Exploring urban travel routes' characteristics from a geometric perspective

Understanding routing behavior is essential for the design, implementation, and operation of a transportation system. Conventional transportation studies have paid great attention to discrete choice models which can quantify the relative influence of relevant attributes (e.g. travel time, travel distance, travelers' socioeconomic characteristics, etc.) However, these studies have been questioned because of their lack of real data to support and verify the conclusions. In recent years, with the development of mobile positioning technology, rich travel trajectory data are accessible, making it possible to mine travel routes' characteristics and rules from the data directly. In this paper, with the assistance of massive floating car data collected from three cities, we investigate characteristics of urban travel routes from a geometric perspective. We first define the number of heading directions that a traveler changes per kilometer in a trip as an index called geometric fragmentation to quantify routes' geometric characteristics, then find the statistical laws of routes' geometric fragmentations, and analyze their relationship with travel distances. Results indicate that: 1) travelers tend to choose less fragmentized routes.

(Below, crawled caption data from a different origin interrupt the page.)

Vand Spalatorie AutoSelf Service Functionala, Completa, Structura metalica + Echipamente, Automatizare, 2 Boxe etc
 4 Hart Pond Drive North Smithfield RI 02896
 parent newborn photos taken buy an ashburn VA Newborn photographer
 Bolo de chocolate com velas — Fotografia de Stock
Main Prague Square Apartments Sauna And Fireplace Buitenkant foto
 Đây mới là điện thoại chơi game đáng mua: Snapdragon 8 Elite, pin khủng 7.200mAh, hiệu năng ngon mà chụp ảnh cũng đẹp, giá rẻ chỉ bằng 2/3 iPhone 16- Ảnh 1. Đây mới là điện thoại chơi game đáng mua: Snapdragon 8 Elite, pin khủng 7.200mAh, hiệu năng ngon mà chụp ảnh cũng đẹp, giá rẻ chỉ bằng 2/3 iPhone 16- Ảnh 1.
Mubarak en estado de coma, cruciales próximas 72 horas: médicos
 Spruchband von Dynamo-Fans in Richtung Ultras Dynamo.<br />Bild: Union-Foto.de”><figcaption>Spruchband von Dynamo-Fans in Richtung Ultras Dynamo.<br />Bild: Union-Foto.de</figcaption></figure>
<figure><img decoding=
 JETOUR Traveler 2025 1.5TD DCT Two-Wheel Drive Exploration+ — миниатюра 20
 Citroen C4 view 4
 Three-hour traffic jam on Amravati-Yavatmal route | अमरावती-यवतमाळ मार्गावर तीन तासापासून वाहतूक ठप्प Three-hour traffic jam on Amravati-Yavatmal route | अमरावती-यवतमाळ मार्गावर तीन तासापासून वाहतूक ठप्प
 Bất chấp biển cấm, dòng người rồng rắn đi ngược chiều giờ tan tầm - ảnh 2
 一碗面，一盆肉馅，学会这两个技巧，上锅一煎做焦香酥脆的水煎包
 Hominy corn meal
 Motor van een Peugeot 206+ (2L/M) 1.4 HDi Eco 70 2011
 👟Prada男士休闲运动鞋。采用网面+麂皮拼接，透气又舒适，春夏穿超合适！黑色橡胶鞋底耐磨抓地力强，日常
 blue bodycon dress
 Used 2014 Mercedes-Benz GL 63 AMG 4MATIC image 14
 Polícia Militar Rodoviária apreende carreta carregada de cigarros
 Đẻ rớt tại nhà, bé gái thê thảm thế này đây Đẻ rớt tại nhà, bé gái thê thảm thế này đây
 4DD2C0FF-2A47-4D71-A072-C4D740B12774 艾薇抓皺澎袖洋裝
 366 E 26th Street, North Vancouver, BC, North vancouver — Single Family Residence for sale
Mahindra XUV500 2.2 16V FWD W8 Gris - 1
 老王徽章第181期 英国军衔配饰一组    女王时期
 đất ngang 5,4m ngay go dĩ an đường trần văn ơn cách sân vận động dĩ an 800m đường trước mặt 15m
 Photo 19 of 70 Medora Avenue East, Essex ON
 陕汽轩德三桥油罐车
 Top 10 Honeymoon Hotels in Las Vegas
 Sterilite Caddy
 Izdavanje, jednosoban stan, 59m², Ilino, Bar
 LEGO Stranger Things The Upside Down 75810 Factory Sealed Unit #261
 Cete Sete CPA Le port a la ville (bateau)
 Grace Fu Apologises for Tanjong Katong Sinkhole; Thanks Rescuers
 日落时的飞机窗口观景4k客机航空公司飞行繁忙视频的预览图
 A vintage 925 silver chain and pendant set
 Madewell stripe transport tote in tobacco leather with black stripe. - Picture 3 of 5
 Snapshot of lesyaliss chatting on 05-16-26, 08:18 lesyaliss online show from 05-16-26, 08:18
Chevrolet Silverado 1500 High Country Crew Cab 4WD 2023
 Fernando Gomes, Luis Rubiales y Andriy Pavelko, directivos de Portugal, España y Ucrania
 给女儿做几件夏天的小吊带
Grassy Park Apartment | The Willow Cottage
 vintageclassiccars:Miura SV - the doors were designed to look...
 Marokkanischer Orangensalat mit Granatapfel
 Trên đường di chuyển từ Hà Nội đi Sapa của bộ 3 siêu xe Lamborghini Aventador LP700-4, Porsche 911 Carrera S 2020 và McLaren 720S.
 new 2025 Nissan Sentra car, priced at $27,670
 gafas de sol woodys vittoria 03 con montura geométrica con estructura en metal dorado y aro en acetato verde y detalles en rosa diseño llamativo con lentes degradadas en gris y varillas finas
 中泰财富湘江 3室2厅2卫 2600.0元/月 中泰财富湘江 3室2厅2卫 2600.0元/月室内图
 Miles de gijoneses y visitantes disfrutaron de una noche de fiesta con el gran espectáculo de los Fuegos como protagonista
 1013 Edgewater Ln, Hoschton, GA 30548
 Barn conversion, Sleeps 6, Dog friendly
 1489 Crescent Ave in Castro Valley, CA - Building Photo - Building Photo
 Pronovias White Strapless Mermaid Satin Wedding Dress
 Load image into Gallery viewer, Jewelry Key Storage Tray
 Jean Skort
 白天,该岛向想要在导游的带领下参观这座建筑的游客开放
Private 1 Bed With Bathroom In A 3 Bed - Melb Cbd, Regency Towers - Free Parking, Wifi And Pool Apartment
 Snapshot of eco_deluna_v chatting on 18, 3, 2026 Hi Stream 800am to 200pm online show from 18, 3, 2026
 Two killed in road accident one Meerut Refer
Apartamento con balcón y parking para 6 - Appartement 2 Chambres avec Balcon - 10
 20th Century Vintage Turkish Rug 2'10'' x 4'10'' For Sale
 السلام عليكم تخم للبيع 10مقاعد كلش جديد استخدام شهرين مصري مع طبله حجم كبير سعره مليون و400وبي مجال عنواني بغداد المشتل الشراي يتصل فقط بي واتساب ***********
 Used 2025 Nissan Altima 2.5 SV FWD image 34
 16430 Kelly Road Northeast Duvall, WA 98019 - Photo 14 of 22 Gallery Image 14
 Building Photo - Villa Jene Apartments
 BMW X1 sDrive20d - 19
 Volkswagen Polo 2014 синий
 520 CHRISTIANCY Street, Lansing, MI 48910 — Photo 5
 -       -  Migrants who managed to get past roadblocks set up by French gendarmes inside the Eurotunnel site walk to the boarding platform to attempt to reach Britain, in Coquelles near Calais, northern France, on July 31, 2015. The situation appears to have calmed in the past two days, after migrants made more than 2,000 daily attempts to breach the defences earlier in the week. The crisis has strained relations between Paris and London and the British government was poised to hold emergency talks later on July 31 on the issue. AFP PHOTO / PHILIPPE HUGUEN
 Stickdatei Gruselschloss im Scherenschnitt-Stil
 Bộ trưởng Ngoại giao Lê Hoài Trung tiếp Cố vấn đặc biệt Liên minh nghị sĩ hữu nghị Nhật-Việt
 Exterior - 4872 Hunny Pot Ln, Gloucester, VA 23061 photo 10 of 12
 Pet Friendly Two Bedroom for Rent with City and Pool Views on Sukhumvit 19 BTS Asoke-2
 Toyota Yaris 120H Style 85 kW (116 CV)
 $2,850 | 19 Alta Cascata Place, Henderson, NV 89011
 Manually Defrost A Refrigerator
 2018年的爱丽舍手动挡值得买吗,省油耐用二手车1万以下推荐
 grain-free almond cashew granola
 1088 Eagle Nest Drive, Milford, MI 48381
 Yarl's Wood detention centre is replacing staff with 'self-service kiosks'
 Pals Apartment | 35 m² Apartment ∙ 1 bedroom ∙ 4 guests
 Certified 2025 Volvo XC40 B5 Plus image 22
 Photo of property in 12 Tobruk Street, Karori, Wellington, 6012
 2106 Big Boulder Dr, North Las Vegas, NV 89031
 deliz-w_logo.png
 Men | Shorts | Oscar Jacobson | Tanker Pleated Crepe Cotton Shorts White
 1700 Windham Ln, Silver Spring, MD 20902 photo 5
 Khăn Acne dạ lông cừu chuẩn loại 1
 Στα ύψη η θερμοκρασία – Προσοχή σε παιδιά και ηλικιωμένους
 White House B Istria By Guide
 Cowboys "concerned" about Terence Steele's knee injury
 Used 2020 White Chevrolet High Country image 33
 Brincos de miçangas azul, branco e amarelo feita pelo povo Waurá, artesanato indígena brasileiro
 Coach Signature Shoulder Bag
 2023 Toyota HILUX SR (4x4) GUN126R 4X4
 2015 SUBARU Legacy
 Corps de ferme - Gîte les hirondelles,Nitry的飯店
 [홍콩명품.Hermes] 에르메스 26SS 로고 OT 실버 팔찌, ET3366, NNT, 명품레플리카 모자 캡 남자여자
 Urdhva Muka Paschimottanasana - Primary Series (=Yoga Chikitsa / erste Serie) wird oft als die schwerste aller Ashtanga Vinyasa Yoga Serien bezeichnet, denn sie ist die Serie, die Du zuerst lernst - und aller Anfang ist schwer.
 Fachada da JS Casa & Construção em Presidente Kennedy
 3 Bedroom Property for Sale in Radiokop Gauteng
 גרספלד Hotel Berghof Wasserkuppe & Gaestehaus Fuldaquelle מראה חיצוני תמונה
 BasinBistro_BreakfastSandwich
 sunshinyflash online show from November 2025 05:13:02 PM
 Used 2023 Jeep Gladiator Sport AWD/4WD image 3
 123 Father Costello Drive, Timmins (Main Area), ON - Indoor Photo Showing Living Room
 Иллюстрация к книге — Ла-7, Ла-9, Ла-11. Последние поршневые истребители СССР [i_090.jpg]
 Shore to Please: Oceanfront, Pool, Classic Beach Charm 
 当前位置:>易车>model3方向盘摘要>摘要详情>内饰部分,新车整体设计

They most frequently change direction averagely once per 2.5 kilometer, and 76% of travel routes averagely change direction no more than once per kilometer; 2) routes with longer travel distances are less fragmentized, and the relationship between routes' geometric fragmentations and travel distances can be well approximated by a power function with a negative exponent; 3) The real routes' average geometric fragmentation is about 40% bigger than the fewest turns routes, and 40% smaller than the shortest length routes; 4) the above geometric characteristics of travel routes are irrelevant to the forms of urban road networks.